But this was Randolph, a town of classical music lovers, and the three composers were from the area towns of Braintree and Brookfield. In short, this was a community celebration.
Often, community concert celebrations can present mediocre performances that still receive enthusiastic standing ovations. The difference here was that these three composers—Erik Nielsen, Kathy Eddy and Gwyneth Walker—are competent professional composers, and the music was good. And so were the compositions.
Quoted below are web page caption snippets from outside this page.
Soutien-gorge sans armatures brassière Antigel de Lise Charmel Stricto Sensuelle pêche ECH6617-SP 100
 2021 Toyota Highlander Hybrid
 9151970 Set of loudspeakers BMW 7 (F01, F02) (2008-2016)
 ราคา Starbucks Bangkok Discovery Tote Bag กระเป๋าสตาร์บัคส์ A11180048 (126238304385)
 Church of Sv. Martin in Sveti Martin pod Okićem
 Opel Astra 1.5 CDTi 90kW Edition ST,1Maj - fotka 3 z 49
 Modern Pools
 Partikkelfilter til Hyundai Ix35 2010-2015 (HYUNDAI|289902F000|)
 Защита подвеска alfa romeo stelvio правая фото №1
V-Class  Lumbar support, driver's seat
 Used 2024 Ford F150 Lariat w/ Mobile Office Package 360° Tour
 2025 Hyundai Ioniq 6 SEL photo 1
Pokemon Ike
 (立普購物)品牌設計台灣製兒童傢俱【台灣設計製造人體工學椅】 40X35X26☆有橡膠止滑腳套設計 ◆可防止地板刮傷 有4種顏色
Walker, a full-time professional composer living in Braintree, presented her first-ever theater piece, "Climbing to Heaven," one that revealed a natural knack for illustrative music. It was attractive, yet not without real musical and emotional depth. In the 30-minute piece, based on "The Wisdom of the Desert," Thomas Merton translations of sayings by the Desert Fathers, monks mime various parables to narration.
The theater was very rudimentary, but not the music. Members of the Montpelier Chamber Orchestra, string quintet and winds conducted by Music Director Catherine Orr, ably performed the colorful music. Invoking myriad musical styles, Walker’s work evoked the various moods of the parables – snakes, sour grapes, conflict, etc. The harmonic language had the complexity and subtle modern coloring of Stravinsky, yet the superficial sheen wasn’t far from Broadway. This is really good theatrical writing.
Orr and the entire Montpelier Chamber Orchestra performed Eddy’s "Vermont Rhapsody." It was the Randolph United Church of Christ pastor’s first full-length orchestral work. Written much in the Neo-romantic style of Grofé and Respighi, Eddy managed real beauty using a broad palette of orchestral colors illustrating various pastoral scenes.
Eddy’s music would have been more dramatic had there been more contrast. Rather than the three movements contrasting one another, each movement is a work entirely in and of itself, with subtle but seldom striking contrasts of mood. Still, Eddy shows an understanding of orchestral coloration, and has created moments of genuine beauty.
Nielsen, who lives in Brookfield, is quickly becoming one of Vermont’s best-known composers, particularly for his opera with Wolcott poet-playwright David Budbill, "A Fleeting Animal." "Like the Clouds," a setting of five Budbill poems describing the seasons, is written for chorus and a diverse instrumental ensemble. It was composed specifically for Sunday’s performers, a group of high school instrumentalists and an adult chorus, all directed by Larry Hamberlin.
Nielsen successfully contrasted a mostly tonal choral part with a harmonically complex instrumental part. The attractive music invoked a variety of musical styles and moods ranging from quiet and haunting to Dixieland raucous to Kurt Weill sardonic. Hamberlin’s chorus always sounded good, but the student instrumental ensemble, with its three saxophones, was particularly enthusiastic and colorful.
Sunday’s concert was a tribute to a whole community. Not only does the Randolph area possess three fine composers, their community embraces their efforts wholeheartedly.